There are insanely many tsumego in existence, but many of them are very artificial and would never occur in real games. While any tsumego helps to improve, specifically learning shapes likely to be encountered in actual games would be of great benefit. I'm especially thinking of fast games with little time to actually read.

Are there any collections of problems that are likely to occur in real games, or at least close to it?

3 Answers 3


Life and Death by James Davies is part of the Elementary Go series, and has a systematic treatment of common shapes. It has saved me more reading time than I can count.


Get Strong at Life and Death starts with a section on standard shapes. The second part of the book contains problems arising from joseki and joseki variations. This is an advanced book - aimed at dan-level players.


I'll second TimK's suggestion of Life and Death, particularly for developing a general approach, and also throw in a few others I've found useful:

  • The Korean Problem Academy is an excellent collection of progressively more difficult problems. The books themselves are the best way to go if you can find them, as they have no answer key but generally can be solved relatively quickly and with patterns that show up in actual games.
  • Rescue and Capture by Yang YiLun is not really about L&D per se, but there's a strong related element in finding tesuji to rescue or capture groups.
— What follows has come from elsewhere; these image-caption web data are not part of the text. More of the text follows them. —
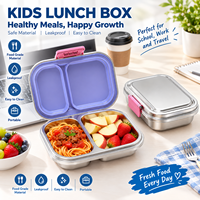 Boîte à bento mignonne à 2 compartiments en acier inoxydable avec couvercle pour enfants - Sans BPA, chauffable, grande capacité, anti-fuite, préservation de la fraîcheur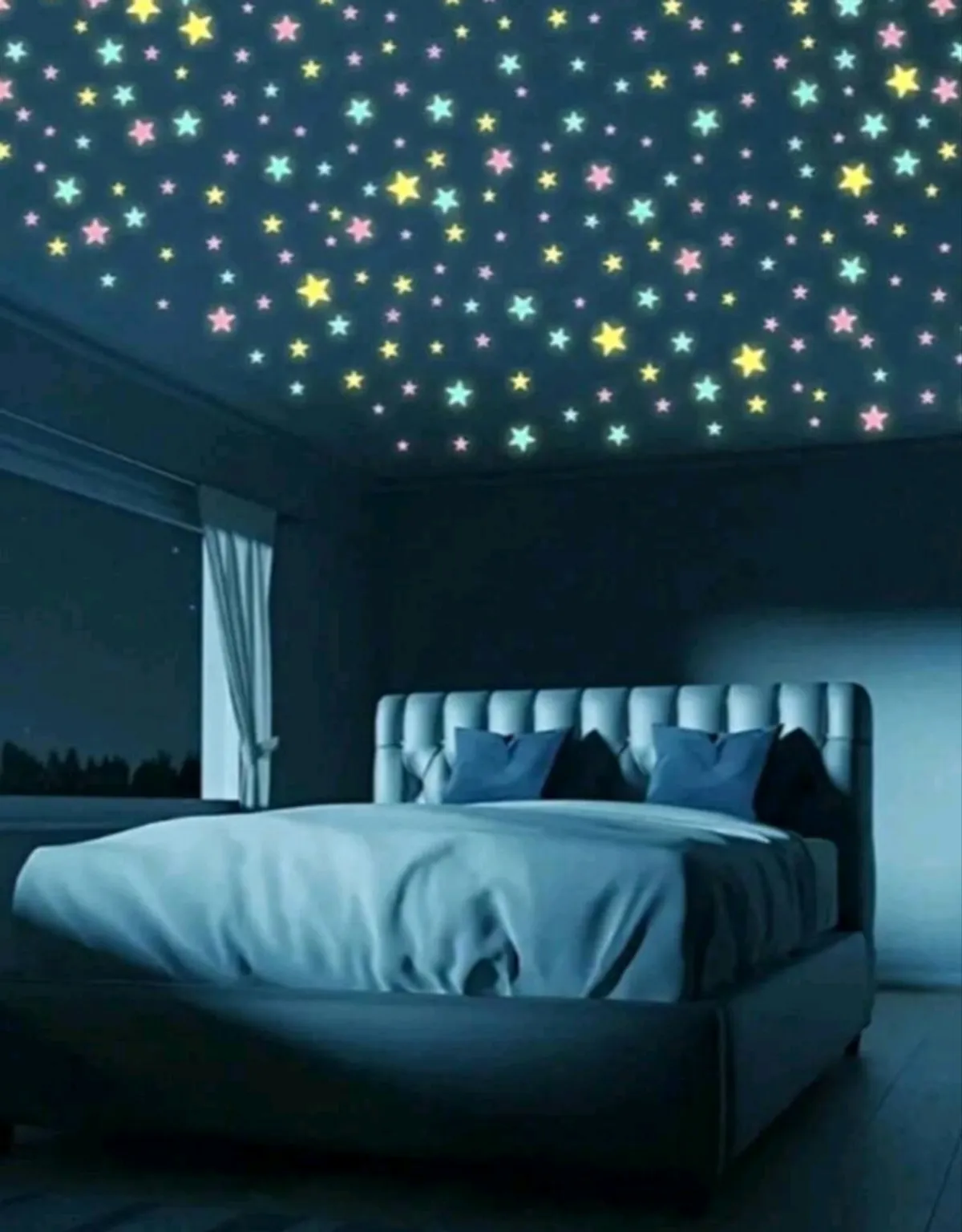 100PCS Glow In The Dark Star Wall Stickers - 3CM Luminous Pentagram Glow Wall Decor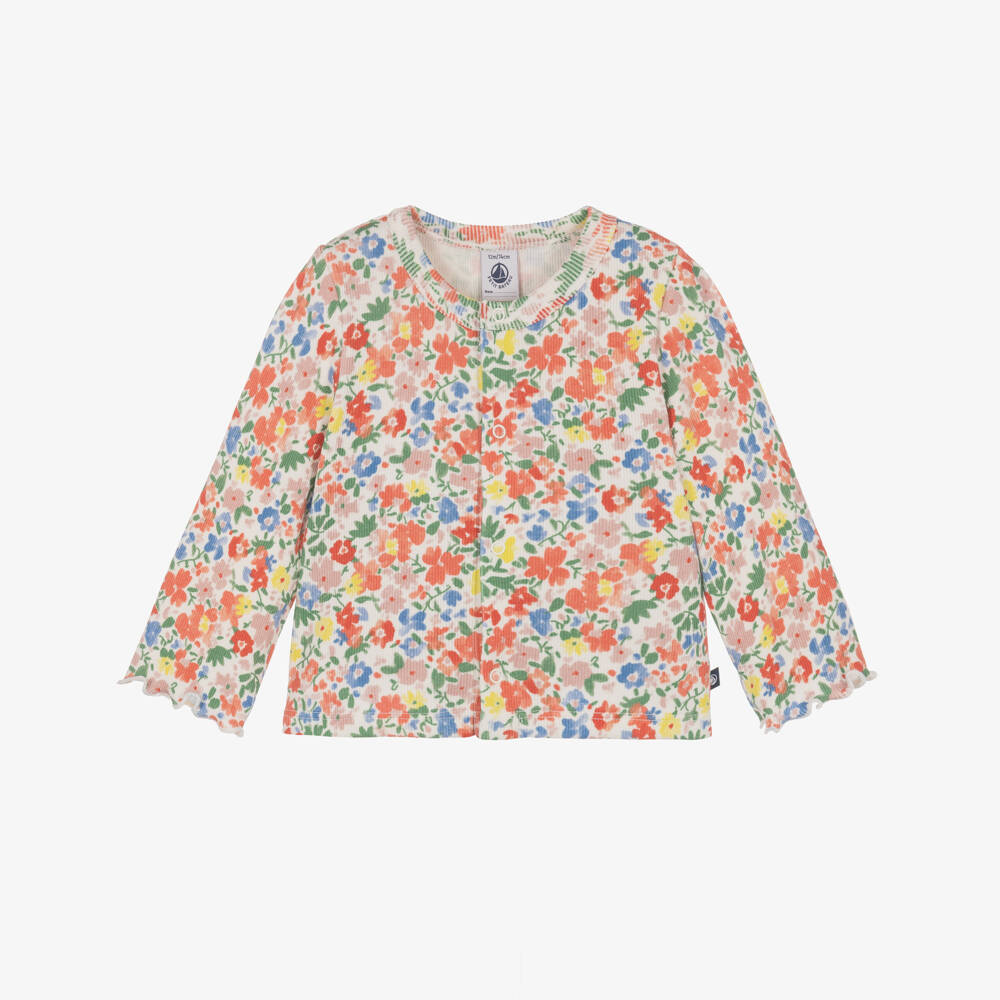 Petit Bateau-Baby Girls Multicolour Floral Cardigan  | Childrensalon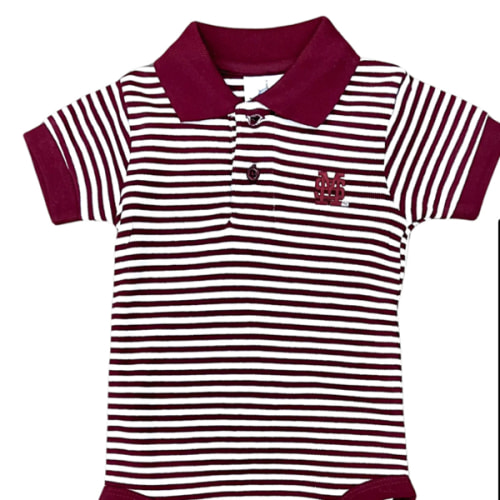 Baseball MS Striped Polo Onesie – Maroon & Co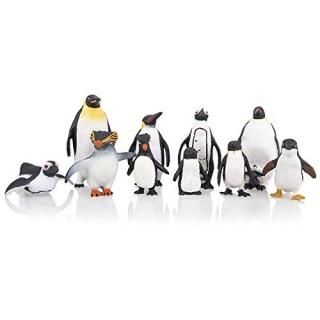 TOYMANY 10PCS Realistic Penguin Figurines Plastic Polar Arctic Animal Figures An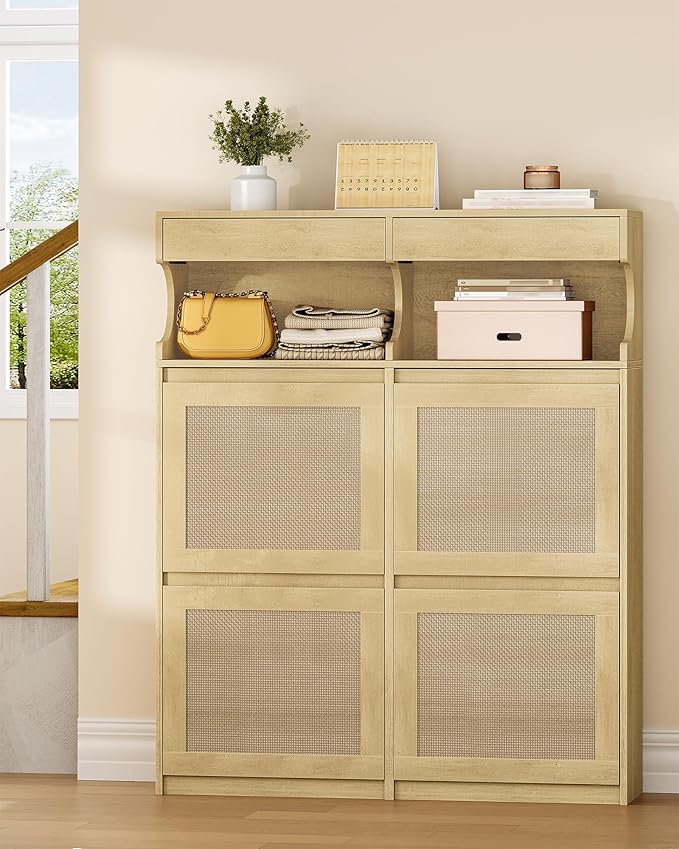Shoe Cabinet with 4 Flip Drawers & 2 Top Drawers, Narrow Hidden Shoe Storage Cabinet for Entryway, Freestanding Shoes Organizer with Storage Space, 16-20 Pairs, for Hallway, Rattan SR57602Y
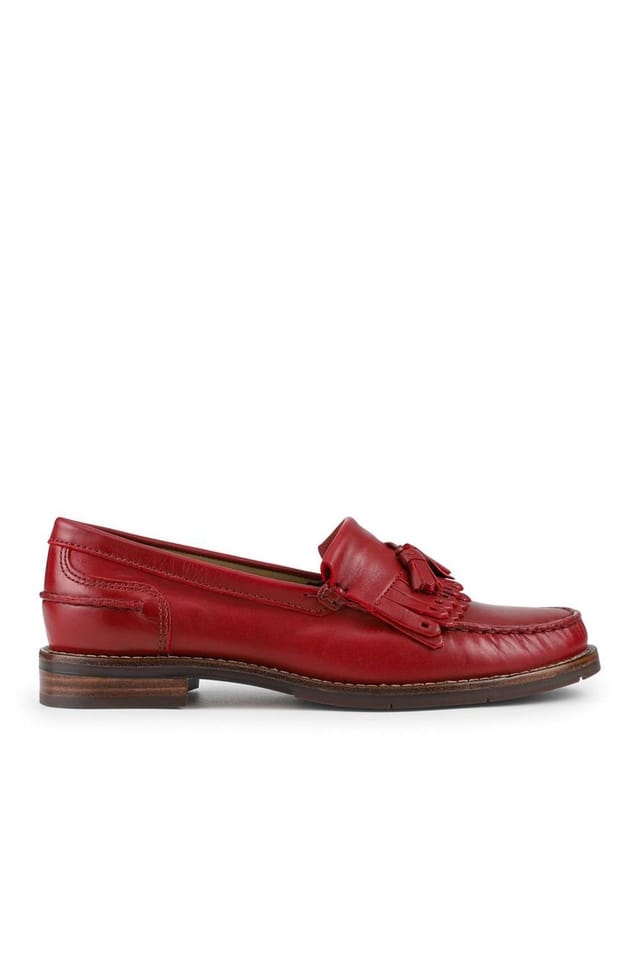 Jones Bootmaker Jones Bootmaker Women's Paolina Smart Leather Moccasins in Red - 2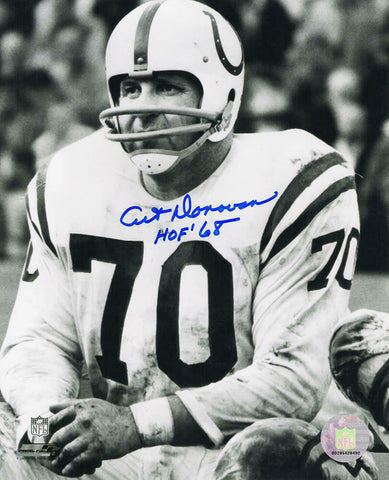Art Donovan Signed Colts B&W Close Up 8x10 Photo w/HOF'68 - (SCHWARTZ COA)
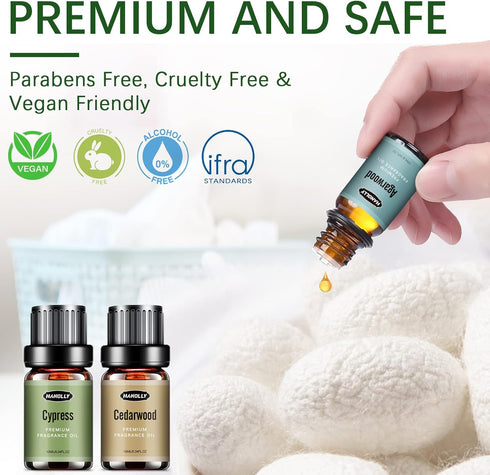 Woody Essential Oils Set - Men Scents Fragrance Oil Aromatherapy Kit for Diffuser (6x10ML)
You can still find this book over on Yutopian.
  • SmartGo has a wide mix of problems, many of which fit with what you are looking for.

For speed games in particular I'm partial to the advice that you should find the level of problem that you can solve "almost instantly" since what you are doing is training speed reading and pattern recognition. This means that you may end up doing problems that are "below you rank," but that's an excellent way to be able to actually see and solve the problems in game.